Moving the call to `_calculate()` instead of `to_query()` would fix the false positive for callers that use `to_query()` as a sub-query helper, since those callers never invoke `_calculate()`.

_{Reviews (1): Last reviewed commit: "feat(hogql): tag clickhouse queries that..." | Re-trigger Greptile}

Two follow-ups on top of the initial commit: 1. Ruff import-sort failures (CI: Python code quality). Sorted the new `tag_contains_user_hogql` imports into the project's own `posthog.clickhouse.*` block in `posthog/hogql/property.py`, `posthog/hogql_queries/experiments/base_query_utils.py`, `posthog/hogql_queries/experiments/metric_source.py`, `posthog/hogql_queries/insights/trends/breakdown.py`, and the inline import inside the new test in `posthog/clickhouse/test/test_query_tagging.py`. 2. Greptile flagged that tagging in `EventsQueryRunner.to_query()` causes false positives for platform callers that use it as a sub-query helper (e.g. `hogql_cohort_query.py` builds `EventsQuery(select=["person_id", "count()"], where=[f"count() >= {count}"])` from platform constants and calls `to_query()` directly, never `_calculate()`).

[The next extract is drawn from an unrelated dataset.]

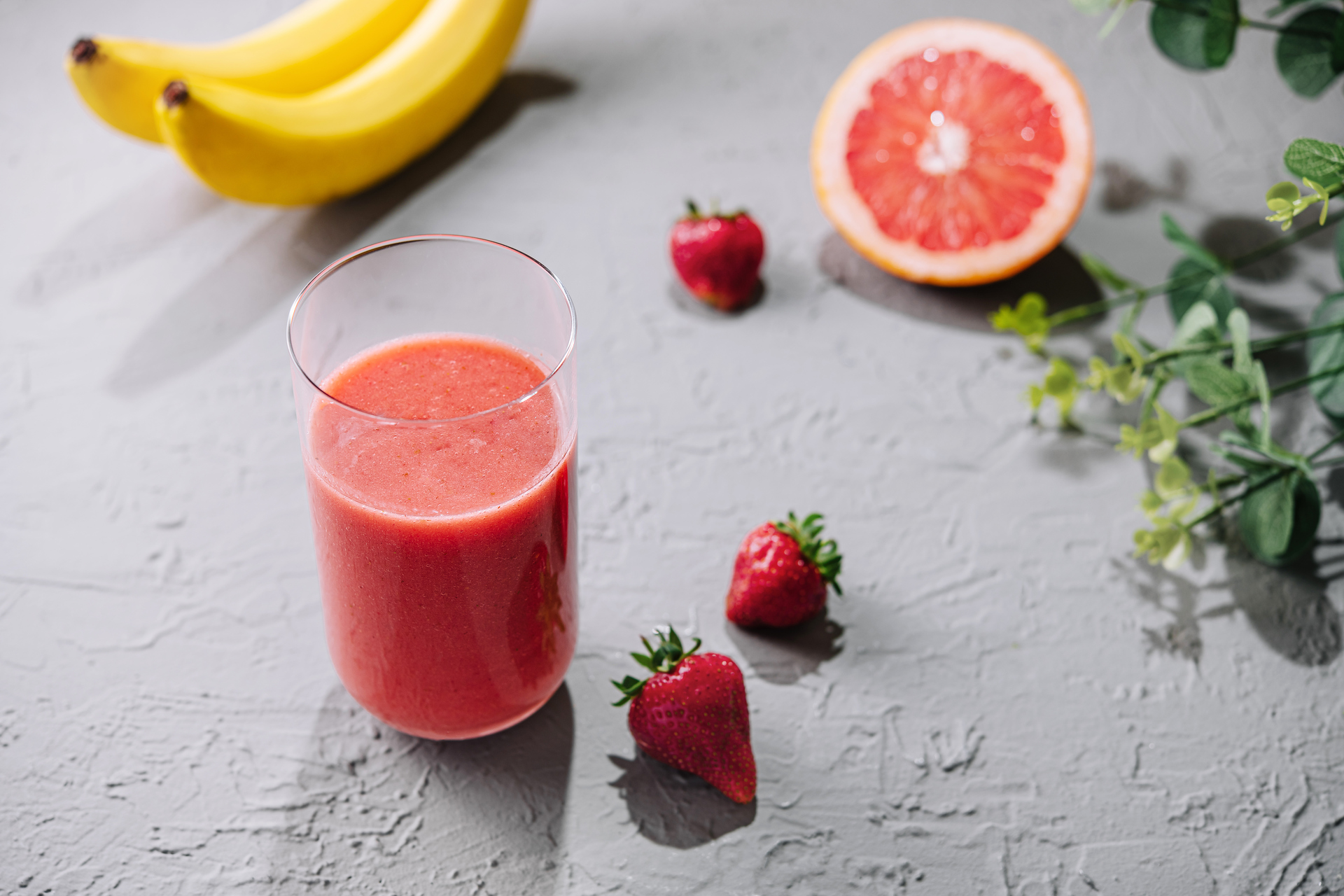 Grapefruit Strawberry Smoothie for Losing Weight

Moved the `tag_contains_user_hogql()` call to `_calculate()` so it only fires when the runner is the top-level execution path — which is exactly where `EventsQuery.select / where / orderBy` came from the end user. Generated-By: PostHog Code Task-Id: 0d95bc6d-f72d-4511-ad52-408b5fcea5a5

sampennington

🤖 Automated review

Verdict: Needs discussion

No correctness or security issues — this is observability-only and the helper is well-shaped. Main concerns:

Coverage symmetry. A grep over parse_expr(user_field) surfaces ~3-4 sites in other files that look identical to the ones tagged here (funnels-over-DW, customer-analytics usage metrics, ActorsQuery.select/orderBy, possibly SessionsQuery). Either tag them too or document why they're out of scope.
Performance. tag_contains_user_hogql() calls tag_queries(...) which does a model_copy(deep=True) of a ~100-field QueryTags. Several call sites (@property methods in lifecycle_query_runner.py, the breakdown loops, recursive property_to_expr) re-fire on every access. One-line idempotency short-circuit in the helper fixes everything at once.
Comment/docstring duplication. The field-level comment and the helper docstring enumerate the same caller list in two places; both will rot.

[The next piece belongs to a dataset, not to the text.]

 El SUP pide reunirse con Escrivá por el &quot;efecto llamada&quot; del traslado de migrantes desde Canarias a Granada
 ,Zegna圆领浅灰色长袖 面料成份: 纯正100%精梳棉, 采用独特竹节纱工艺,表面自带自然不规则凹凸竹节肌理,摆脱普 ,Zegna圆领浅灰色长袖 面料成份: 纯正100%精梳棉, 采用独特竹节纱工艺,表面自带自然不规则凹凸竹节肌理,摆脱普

Good call already on moving the EventsQuery tag into _calculate() instead of to_query() — the comment explaining the hogql_cohort_query.py sub-query pitfall is exactly the kind of "why" worth keeping.

Non-anchored findings

Missed parse sites (Should fix or document):

posthog/hogql_queries/insights/funnels/funnel_event_query.py:~252 — parse_expr(table_entity.aggregation_target_field) is the same DW-field pattern that's tagged in lifecycle_query_runner.py (timestamp_field/target_field/created_at_field). Asymmetric with the rest of the PR.
products/customer_analytics/backend/hogql_queries/usage_metrics_query_runner.py:~218 — parse_expr(timestamp_field) from GroupUsageMetric.Source.DATA_WAREHOUSE. Same shape.
posthog/hogql_queries/actors_query_runner.py:~349 / :~404 — parse_expr(self.query.select) and parse_order_expr(self.query.orderBy). ActorsQuery is the persons-explorer sibling of EventsQuery (which is tagged); leaving it out is inconsistent.
posthog/hogql_queries/sessions_query_runner.py:~137/~301/~527 — same select/where/orderBy pattern for SessionsQuery. If that query node is user-facing, should be tagged; if not, worth a one-line comment ruling it out.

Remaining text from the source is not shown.